This year saw horrific floods that submerged a third of Pakistan, one of the three costliest hurricanes ever recorded in the United States, devastating drought in Europe and China, drought-induced famine in Africa and deadly heatwaves everywhere. Waves.
And yet this was not the worst of climate change.
With the death and destruction expected in 2022, damage from climate change-related disasters is lower than in 2021, according to insurance and disaster giant Swiss Re. The $268 billion in global disaster costs is down 12% from the previous year, when losses exceeded $300,000 million.
The number of weather disasters that caused at least $1 billion in damage in the United States as of October 15 is likely to drop to 16 or 17, up from 22 and 20 in the previous two years, according to the National Bureau of Meteorology. States Oceanic and Atmospheric Administration (NOAA), but because of Hurricane Ian, the total number of losses would probably end up in the top three in the nation’s history.
Weather catastrophes – many, but not all, driven by human-caused climate change – happen so frequently that this year’s blizzard, which would have broken records 20 years ago, is now by some measure economic, a small exception compared to recent Looks like years.
Welcome to the new abnormality.
“We have almost become used to the extremes. And this year, compared to many years before, it would be considered a very intense year, but compared to more extreme years like 2017, 2020 and 2021, it seems to be … a slight downward adjustment,” NOAA meteorologists and economists say. Adam Smith, who works for an agency that calculates the multibillion-dollar cost of disasters. “We’re getting used to it, but it’s not a good way to go into the future.”
He says wildfires in the United States this year were not as costly as the previous two years, but the drought in the western part of the country was more damaging than in previous years. Billion-dollar disasters in the United States during 2022 affect every possible category except winter storms: hurricanes, floods, droughts, wildfires, heat waves, hailstorms, and even a “perfect” : A species of long-duration, broad, straight-line thunderstorm.

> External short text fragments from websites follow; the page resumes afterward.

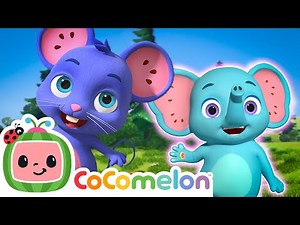 Opposite Friends! 🪴 Big & Small Song! | CoComelon Animal Time | Animals for Kids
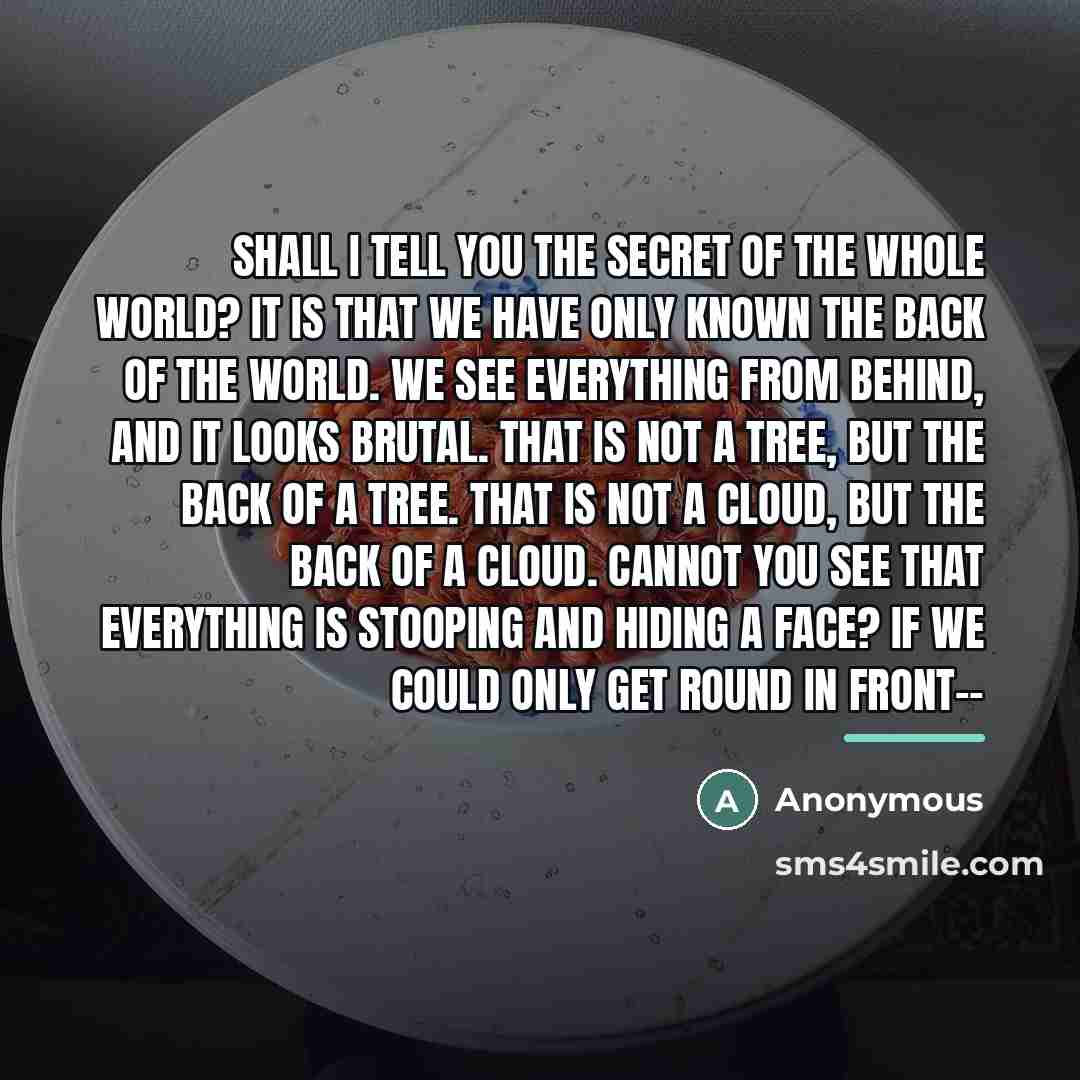 “Shall I tell you the secret of the whole world?…” quote by Anonymous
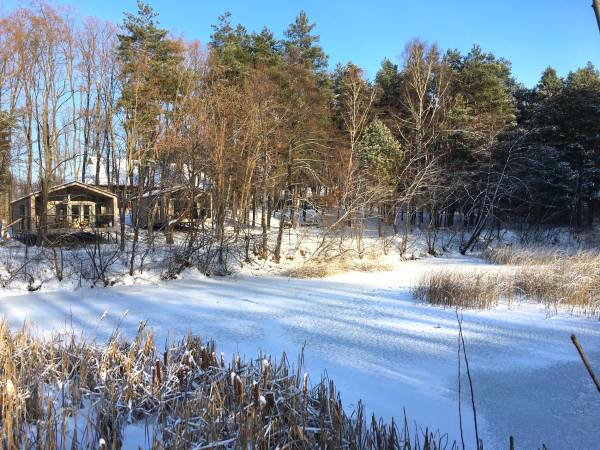 widok na domki od stawu i lasu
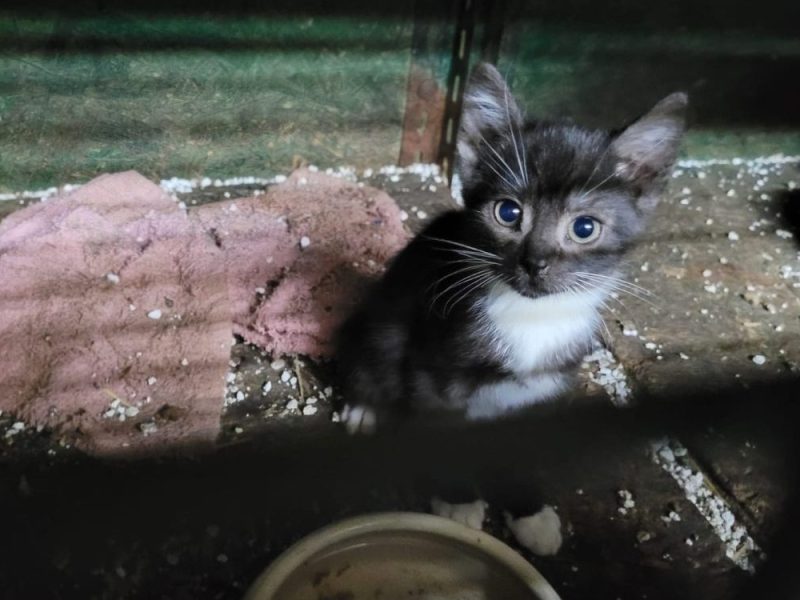Kleines Katze im Käfig in Dortmund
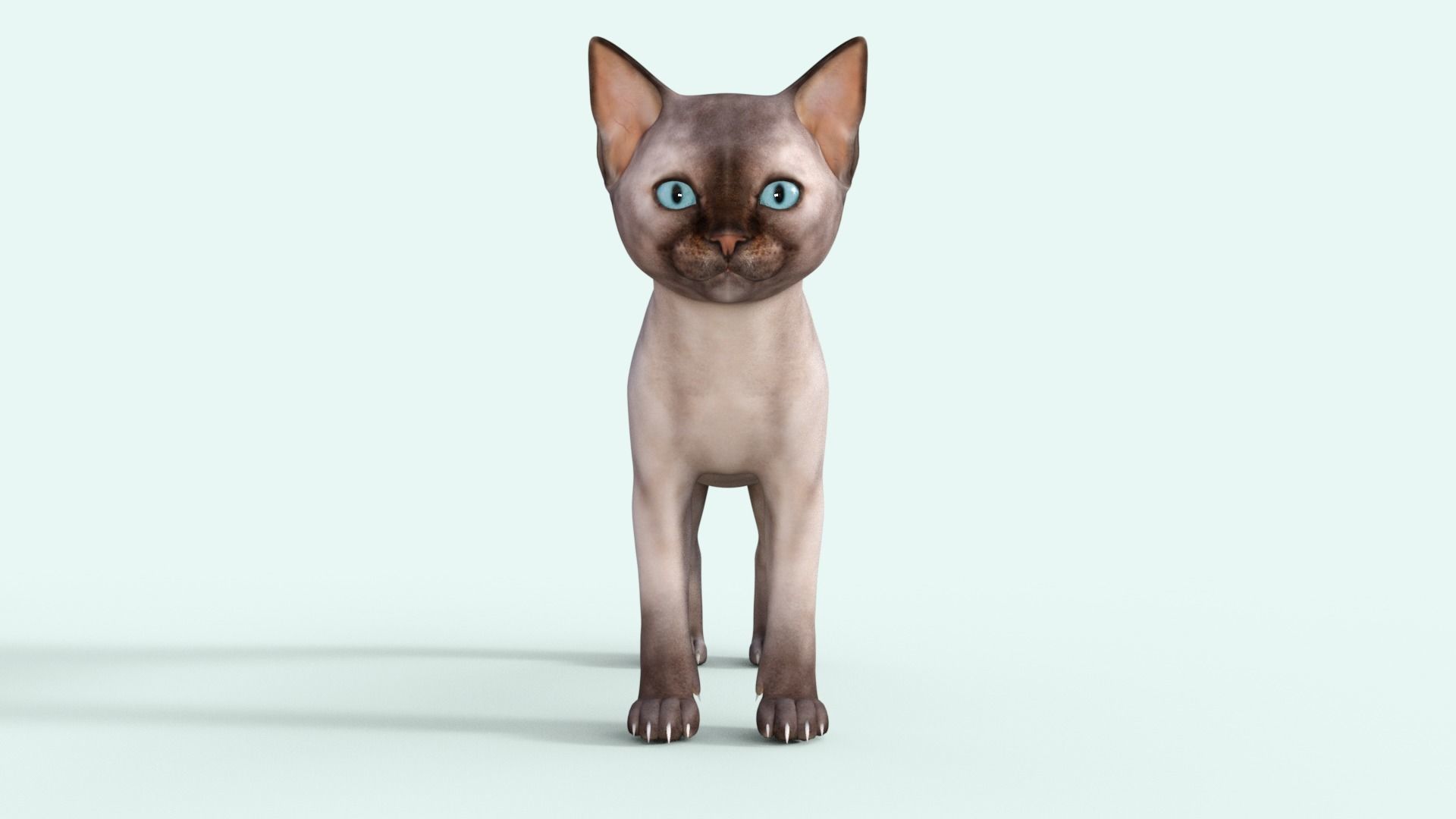 3D Realistic Siamese  Cute Kitten Rigged 3D model_32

In terms of financial damage in 2022 globally and in the United States, Ian, which swept through Florida, takes center stage, even though the Pakistani floods were heavier and deadlier.
In terms of looking only at dollars and not people, Ian’s loss dwarfed the famine induced by the African drought, even though it affected more people. It also dwarfed the decline in river levels in China and Europe, which fell so low that they caused power and industrial problems, and caused unprecedented and deadly heat waves in Europe, India and North America.

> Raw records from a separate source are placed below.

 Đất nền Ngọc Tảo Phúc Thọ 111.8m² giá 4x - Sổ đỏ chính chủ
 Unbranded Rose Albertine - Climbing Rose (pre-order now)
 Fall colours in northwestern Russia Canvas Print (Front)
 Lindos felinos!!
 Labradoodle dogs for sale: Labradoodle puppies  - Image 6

Smith points out that NOAA has not yet completed a calculation of the damage caused by Ian, but it is very likely that it has caused more than $100 billion in damage – surpassing 2012’s Superstorm Sandy, which destroyed New York and New York City. Jersey was flooded – barely below super. The devastating Hurricanes Katrina in 2005 and Harvey in 2017.
In the 1980s, according to Smith, the United States was faced with a billion-dollar weather disaster every 82 days, which now occurs every 18 days. That’s not the result of inflation, because the loss calculations are adjusted to make the data comparable, he says. This results in a worsening climate and more development, putting people and buildings at risk, he warned.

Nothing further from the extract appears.